Graham continued by explaining, "A lot of people spend a lot of money on marketing and design, and getting their web pages up and social media pages going, and [the Beehive] allows them to save that cost and put it into other business production, and it also gives our students an opportunity to work with corporations that could potentially employ them in the future."
When asked how Edinboro was able to bring together members of the (communication, journalism and media department) with members of the art department, Graham said, "That's Tony Peyronel, Ed.D.- he's been amazing at that."
"We've involved five different courses and 58 students and that's the other thing we're supposed to show, not just how we're helping other organizations, but how we're incorporating classes and what type of experience our students are getting," said Tony Peyronel, Ed.D., a professor at Edinboro.
Like a pinball bouncing from hive to hive, clients are granted state-of-the-art information through the Beehive Network, and while universities foster the talent of young minds, their services are free-of-charge.

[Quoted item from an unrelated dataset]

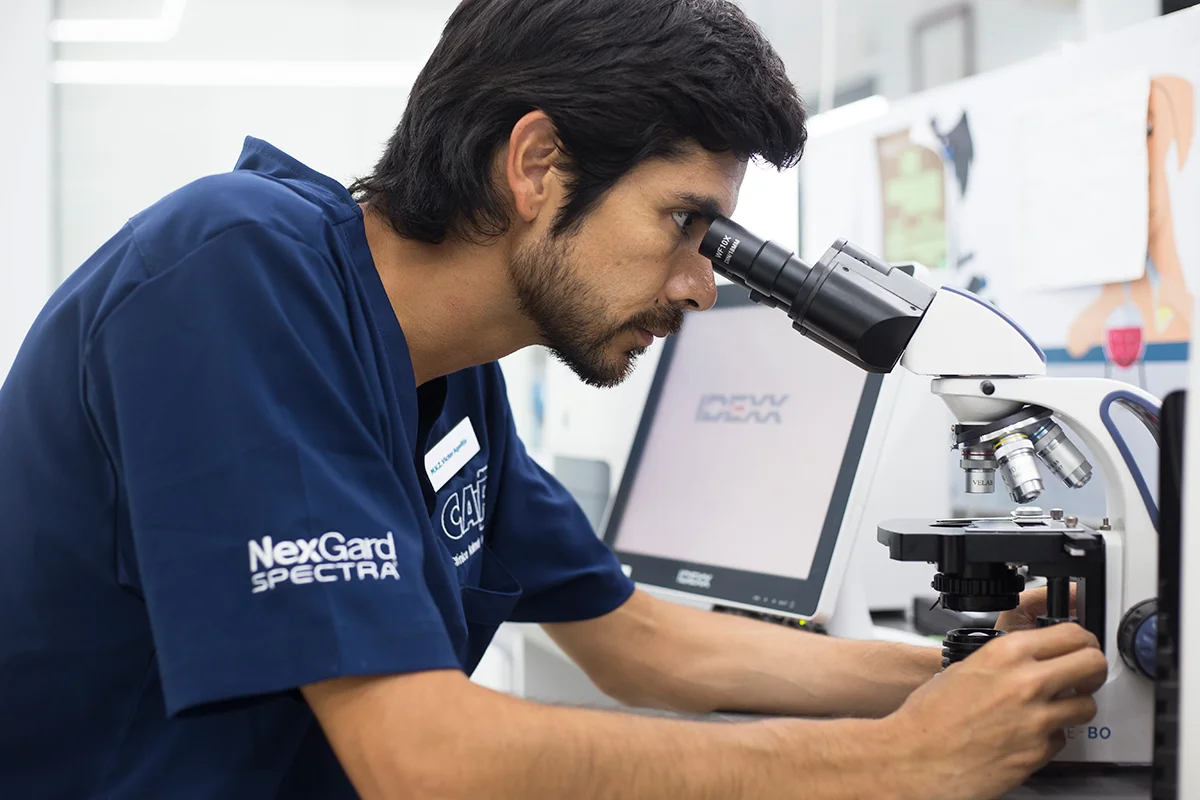 equipamiento-veterinario-Microscopio-cap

Not only are services free, but it's easy. According to Marsh, you could essentially come in with a napkin sketch of an idea and one of the beehives would guide you in the right direction.
Not only is the Beehive Network contributing to the cessation of the brain drain, but it's creating jobs for students to gain hands-on experience for their fields of study. Graham describes the experience as an "internal internship."
The duality of the Beehive Network among students and faculty also offers an experience that cannot be measured in a traditional setting, because at the end of the day, students and faculty are pushing each other to produce a legitimate product in real-time. The Beehive may not single handedly stop the brain drain, but through the connections and information learned, Erie will surely benefit.